Dans la police et dans la gendarmerie, ce n’est pas tout à fait vrai, car le cheval et le chien ne sont pas des animaux de compagnie mais plutôt des « collaborateurs » à quatre pattes.

Et en cherchant à me documenter sur le sujet, je suis tombé sur un personnage original : un commissaire divisionnaire qui s’est réorienté vers l’enseignement, puisqu’il est aujourd’hui professeur à Paris VIII, et qu’il a créé une école d’équitation destinée à former des jeunes « qui se cherchent ».

Philippe Vénère, puisque c’est de lui qu’il s’agit, est un policier un rien atypique. 37 ans de police, dont 6 comme gardien de la paix. C’est lui, par exemple, qui a ouvert les portes de la 1ère DPJ (division de police judiciaire) de la rue de Courcelles, à Paris, à Bertrand Tavernier, afin qu’il puisse s’inspirer de ces locaux de police particulièrement repoussants pour tourner L.627, film qui a attiré l’attention sur les conditions de travail des policiers.

C’est lui également, alors qu’il dirigeait la 4ème BT (brigade territoriale), en 1984, qui a reçu la mission impossible d’évacuer le squat de « l’îlot Chalon ». Une sorte de cour des miracles qui était devenue un véritable centre commercial de la drogue. On raconte, qu’au flan, il a demandé 1000 hommes. Accordé, a répondu le préfet de police. Et cette opération casse-gueule, et forcément impopulaire, s’est déroulée sans bobo.
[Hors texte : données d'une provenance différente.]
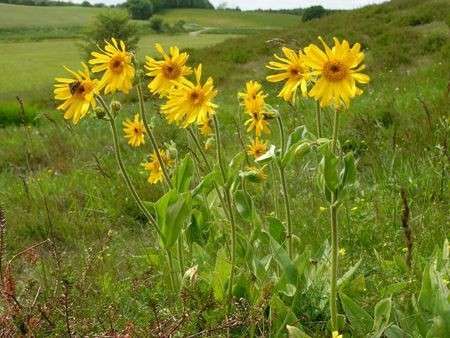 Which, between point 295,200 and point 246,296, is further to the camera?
point 295,200

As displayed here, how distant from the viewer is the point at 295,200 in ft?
11.6

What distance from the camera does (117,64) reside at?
80.9 inches

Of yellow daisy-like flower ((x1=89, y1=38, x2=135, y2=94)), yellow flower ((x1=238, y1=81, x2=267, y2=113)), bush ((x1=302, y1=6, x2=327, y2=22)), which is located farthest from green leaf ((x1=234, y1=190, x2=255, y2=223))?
bush ((x1=302, y1=6, x2=327, y2=22))

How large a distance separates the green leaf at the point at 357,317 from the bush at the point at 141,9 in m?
72.4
Donc, en 1999, avec un officier de l’armée de l’Air, Gilbert La Sala, il fonde l’École des gardes à cheval de Soissons, destinée à former des jeunes qui veulent concilier leur métier et leur passion pour le cheval. « Aujourd’hui, 85% de nos stagiaires sont placés dès la sortie de la formation », dit-il. Les débouchés : gardes-vert, gphilippe-venere_france5.1275299583.jpgardes-chasse, gardes forestiers, et même des sociétés de surveillance qui parfois font appel à des cavaliers. À noter que la gendarmerie nationale recrute des gendarmes adjoints à cheval.
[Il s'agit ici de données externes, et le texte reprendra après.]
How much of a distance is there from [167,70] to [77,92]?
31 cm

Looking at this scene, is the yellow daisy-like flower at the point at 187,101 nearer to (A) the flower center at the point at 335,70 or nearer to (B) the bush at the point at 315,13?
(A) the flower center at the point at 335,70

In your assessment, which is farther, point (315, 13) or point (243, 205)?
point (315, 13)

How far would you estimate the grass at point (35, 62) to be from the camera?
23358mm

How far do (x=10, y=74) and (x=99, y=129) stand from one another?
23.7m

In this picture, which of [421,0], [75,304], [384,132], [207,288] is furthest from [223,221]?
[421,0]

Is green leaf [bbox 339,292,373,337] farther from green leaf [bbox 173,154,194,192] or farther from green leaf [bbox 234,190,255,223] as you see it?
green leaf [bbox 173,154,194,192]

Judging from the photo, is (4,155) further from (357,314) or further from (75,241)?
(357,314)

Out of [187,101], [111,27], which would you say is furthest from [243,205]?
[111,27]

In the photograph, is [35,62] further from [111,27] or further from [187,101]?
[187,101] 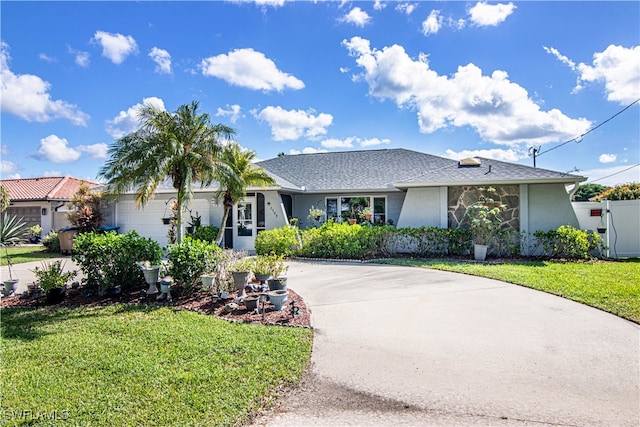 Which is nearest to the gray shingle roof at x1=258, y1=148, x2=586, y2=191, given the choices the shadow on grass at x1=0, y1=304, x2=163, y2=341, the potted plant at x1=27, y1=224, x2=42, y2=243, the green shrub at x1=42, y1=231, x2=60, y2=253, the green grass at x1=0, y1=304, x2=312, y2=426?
the shadow on grass at x1=0, y1=304, x2=163, y2=341

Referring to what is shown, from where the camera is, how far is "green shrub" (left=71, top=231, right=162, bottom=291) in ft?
22.7

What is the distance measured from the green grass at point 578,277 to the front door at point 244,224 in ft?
21.6

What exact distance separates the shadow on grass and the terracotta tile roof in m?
17.8

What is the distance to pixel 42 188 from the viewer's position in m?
23.9

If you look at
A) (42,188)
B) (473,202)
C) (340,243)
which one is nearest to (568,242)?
(473,202)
Sinon, pour la police nationale ou municipale et pour la gendarmerie, notamment la Garde républicaine, il faut d’abord passer le concours commun à tous les candidats.

De par le monde, de très grandes villes sont dotées d’une police montée. En France, on semble un peu en retrait. Pourtant, l’idée fait son chemin auprès de certains maires et l’on commence ici ou là à voir apparaître des brigades équestres.

Le policier ou gendarme à cheval présente plusieurs avantages. D’abord, par sa situation dominante, il a une vision étendue. Ensuite, il peut crapahuter dans les espaces verts ou sur des chemins impraticables pour des engins motorisés.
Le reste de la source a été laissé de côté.